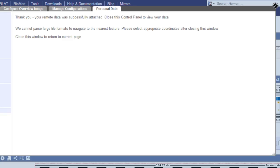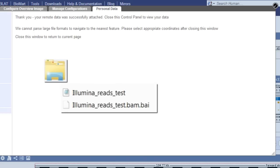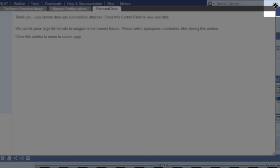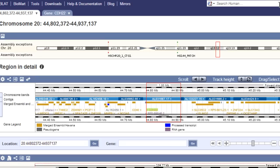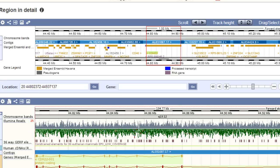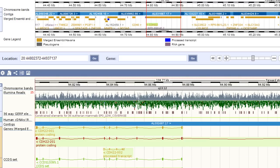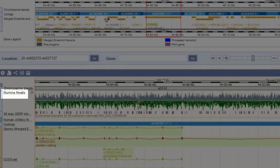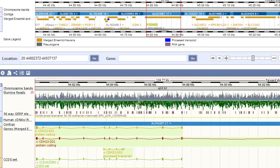I actually don't need to attach the index file. As long as it's in the same directory as my BAM file, Ensembl will find it. So I can close the menu now to see my Illumina reads. The track name is Illumina Reads, as I specified during the attachment process.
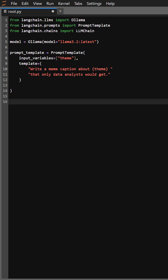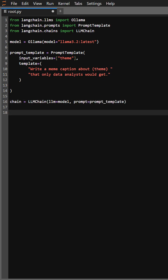Here we're linking our model and prompt together with an LLM chain. Think of it as connecting the dots to make magic happen. Time to run the chain - we're asking it to generate a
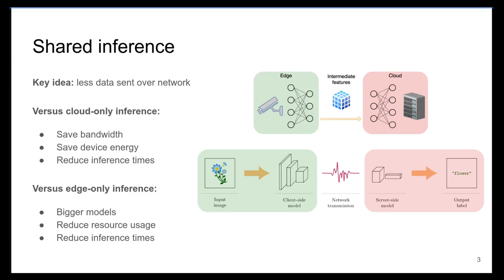An edge device, such as a smartphone, performs the first half of the inference, transmits the intermediate features over the network into the cloud, and then the server completes the remaining inference.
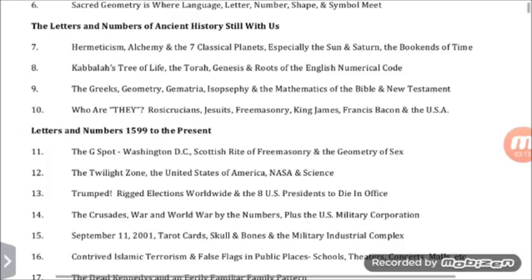The Greeks, Geometry, Gematria, Isopsephia, and the Mathematics of the Bible and New Testament. Who are they — Rosicrucians, Jesuits, Freemasonry, King James, Francis Bacon, and the USA. Letters and numbers, 1599 to the present.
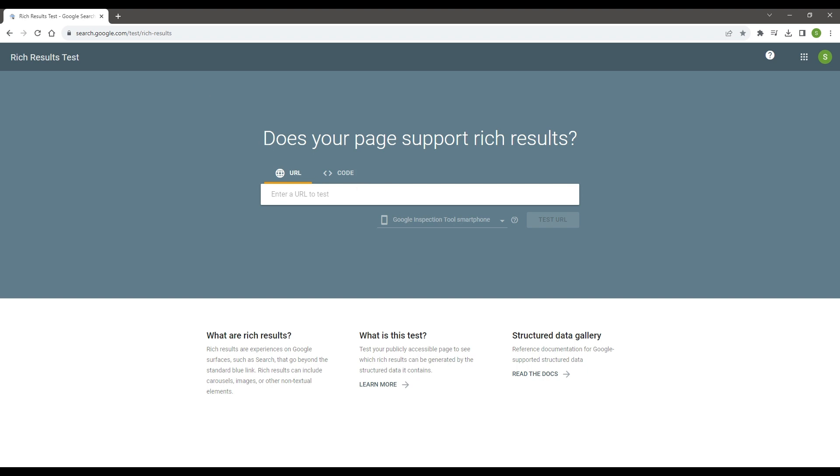I will test a random product from my store, but I can also test a collection, article, or the home page.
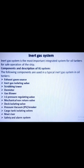Hello students, myself Dr. Sunil Rajorya from the Chemical Engineering Department, M.I.E.T. Mirat. In this lecture, I will tell you about the inert gas system — specifically, the inert gas system in oil tankers.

_Task to carry out_:
Each entry should be set down exactly, pictures excluded.

_Problem solution_:
I actually don't need to attach the index file. As long as it's in the same directory as my BAM file, Ensembl will find it. So I can close the menu now to see my Illumina reads. The track name is Illumina Reads, as I specified during the attachment process.
Here we're linking our model and prompt together with an LLM chain. Think of it as connecting the dots to make magic happen. Time to run the chain - we're asking it to generate a
An edge device, such as a smartphone, performs the first half of the inference, transmits the intermediate features over the network into the cloud, and then the server completes the remaining inference.
The Greeks, Geometry, Gematria, Isopsephia, and the Mathematics of the Bible and New Testament. Who are they — Rosicrucians, Jesuits, Freemasonry, King James, Francis Bacon, and the USA. Letters and numbers, 1599 to the present.
I will test a random product from my store, but I can also test a collection, article, or the home page.
Hello students, myself Dr. Sunil Rajorya from the Chemical Engineering Department, M.I.E.T. Mirat. In this lecture, I will tell you about the inert gas system — specifically, the inert gas system in oil tankers.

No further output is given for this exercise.